───── DATA UNDER STUDY
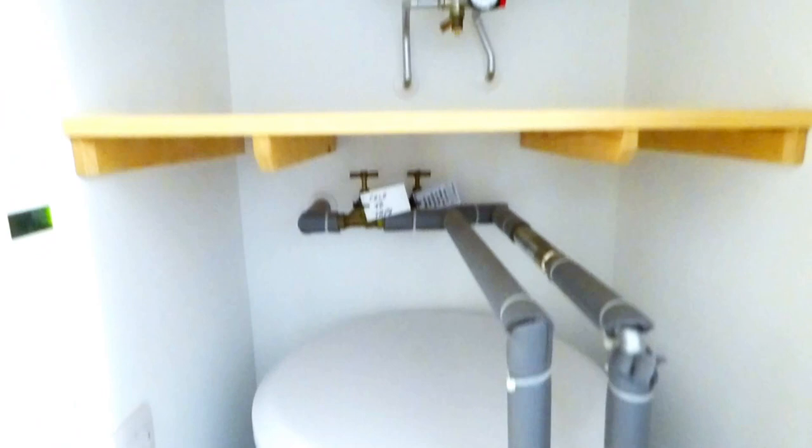Here is the space that I currently store all of my linens. This is what we're working with at the moment. This is how it was when we moved into the property.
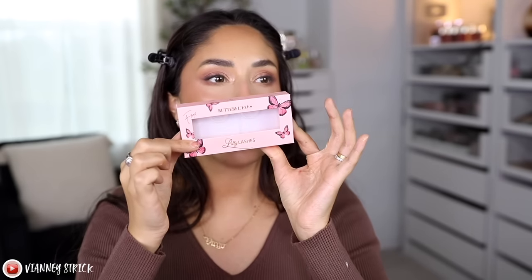I'm going to quickly do some lashes, because I think the look deserves them even though I don't love doing lashes. They're half lashes from Lily Lashes — the Butterfly Eyes in the style Sassy. I'll pop them on and be right back. I am loving this look.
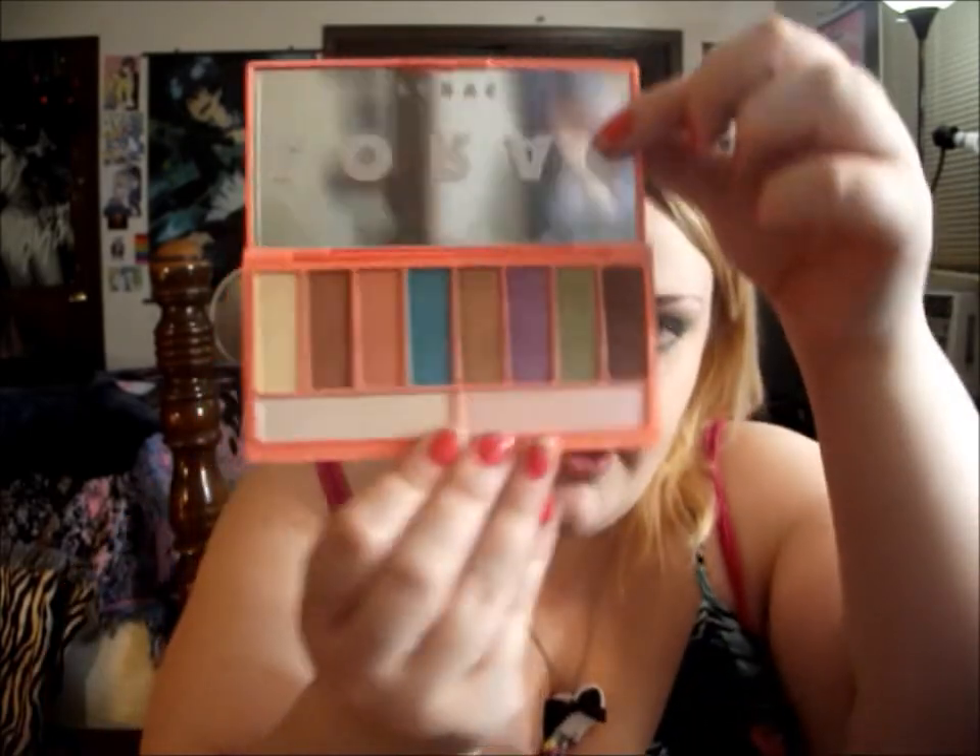Then I got the Lorac Alter Ego Dream Girl Palette and I'm just going to say right now — hello gorgeous! It comes in a really nice pink matte package with silver detailing and the colors are just so gorgeous, glittery, and fun. I'm really excited to do some looks with them, especially that bright blue and that purple. I am so in love with this palette.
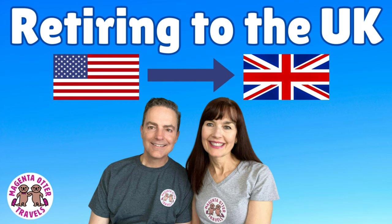Hiya and howdy. In this video we're going to talk about the differences between buying a home in the U.S. and in England.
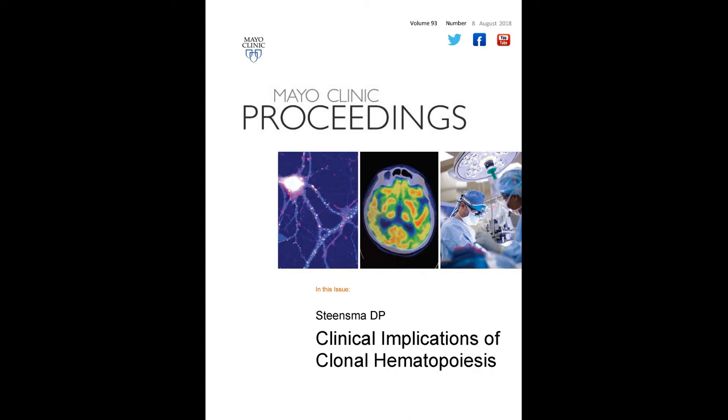My name is David Steensma. I'm from the Dana-Farber Cancer Institute in Boston, Massachusetts. And I've just published a paper describing clonal hematopoiesis.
──────────
**DESCRIPTION OF THE TASK:** The answer should contain only the lines from the start of the records above through the line with "Hiya and howdy.", copied exactly, and no pictures.

**RESPONSE BELOW:**
Here is the space that I currently store all of my linens. This is what we're working with at the moment. This is how it was when we moved into the property.
I'm going to quickly do some lashes, because I think the look deserves them even though I don't love doing lashes. They're half lashes from Lily Lashes — the Butterfly Eyes in the style Sassy. I'll pop them on and be right back. I am loving this look.
Then I got the Lorac Alter Ego Dream Girl Palette and I'm just going to say right now — hello gorgeous! It comes in a really nice pink matte package with silver detailing and the colors are just so gorgeous, glittery, and fun. I'm really excited to do some looks with them, especially that bright blue and that purple. I am so in love with this palette.
Hiya and howdy. In this video we're going to talk about the differences between buying a home in the U.S. and in England.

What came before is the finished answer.